**Brief**
Reproduce, exactly and only, the lines of the data that follows from the one containing "Kırmızı Bisiklet Yaka" down to the one containing "Off-Grid, Modern Cliff House - 4 étoiles", without pictures.
** Opening Supplied entries block **
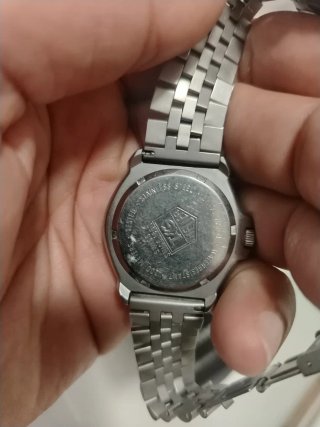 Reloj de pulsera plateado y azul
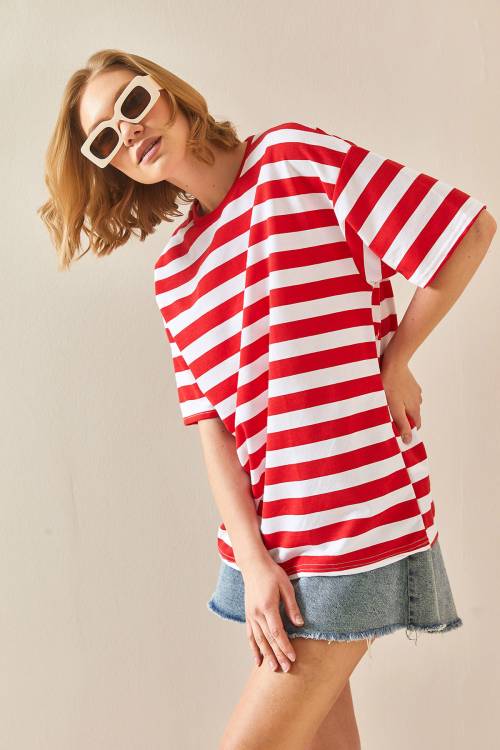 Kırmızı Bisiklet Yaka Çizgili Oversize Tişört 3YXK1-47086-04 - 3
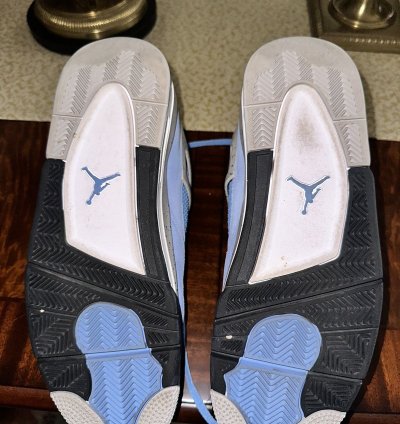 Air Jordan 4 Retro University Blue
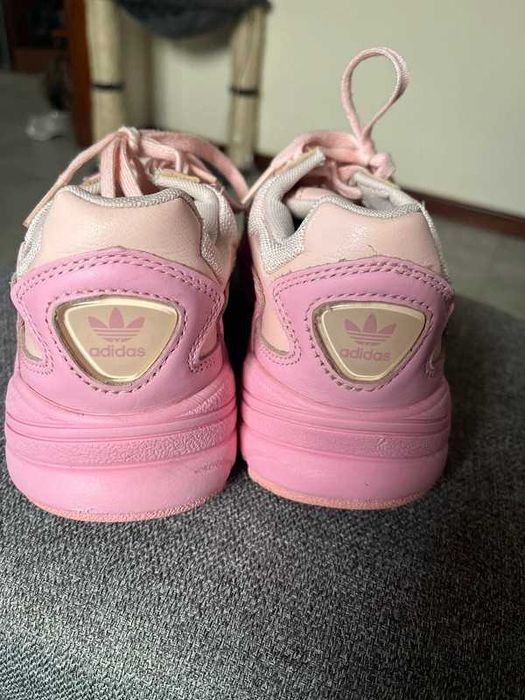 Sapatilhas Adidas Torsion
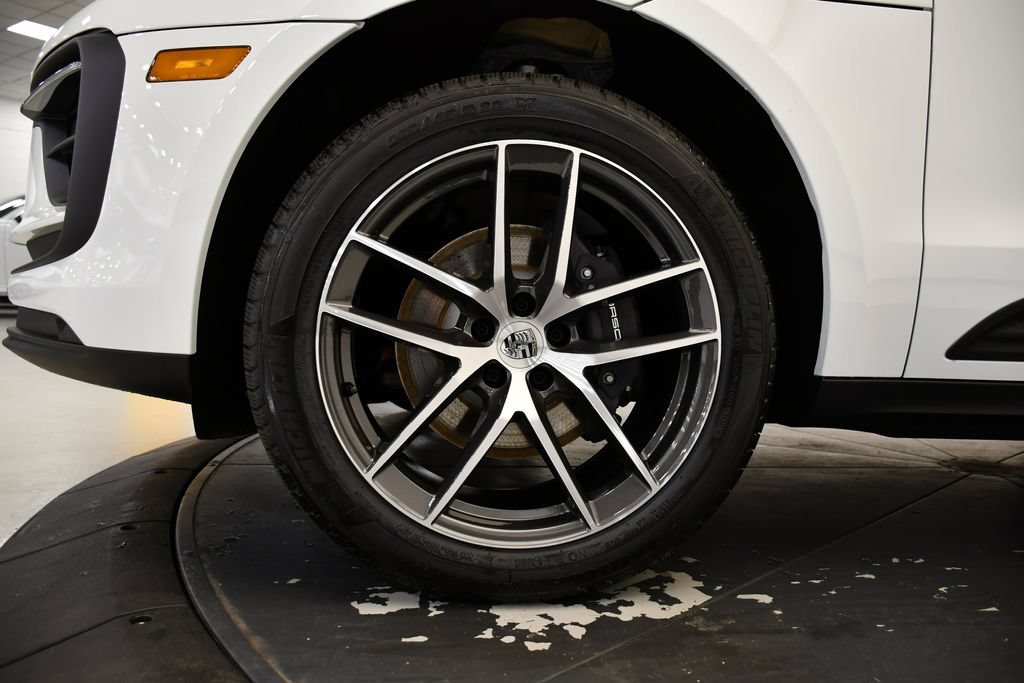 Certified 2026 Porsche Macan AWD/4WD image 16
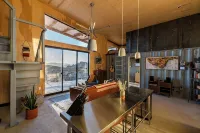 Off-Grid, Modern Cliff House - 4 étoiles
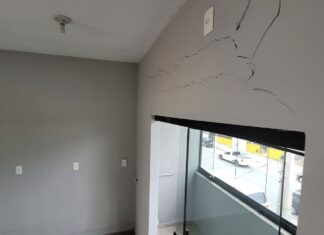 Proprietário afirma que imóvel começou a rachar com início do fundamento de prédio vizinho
** Closing Supplied entries block **
** Opening Supplied entries block **
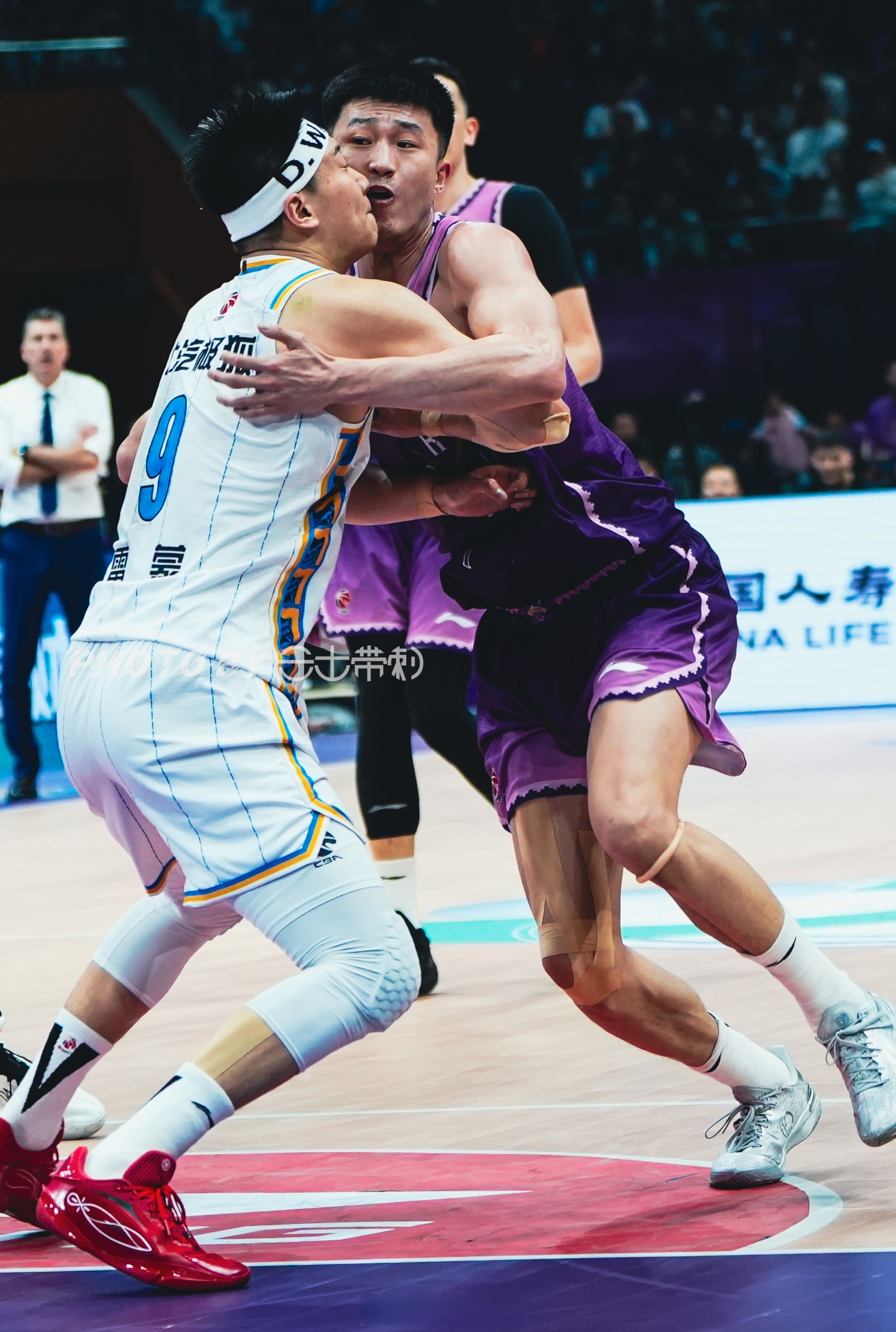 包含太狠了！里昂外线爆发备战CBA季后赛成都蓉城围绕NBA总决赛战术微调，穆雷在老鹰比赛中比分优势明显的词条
** Closing Supplied entries block **
**Answer to this exercise**
 Kırmızı Bisiklet Yaka Çizgili Oversize Tişört 3YXK1-47086-04 - 3
 Air Jordan 4 Retro University Blue
 Sapatilhas Adidas Torsion
 Certified 2026 Porsche Macan AWD/4WD image 16
 Off-Grid, Modern Cliff House - 4 étoiles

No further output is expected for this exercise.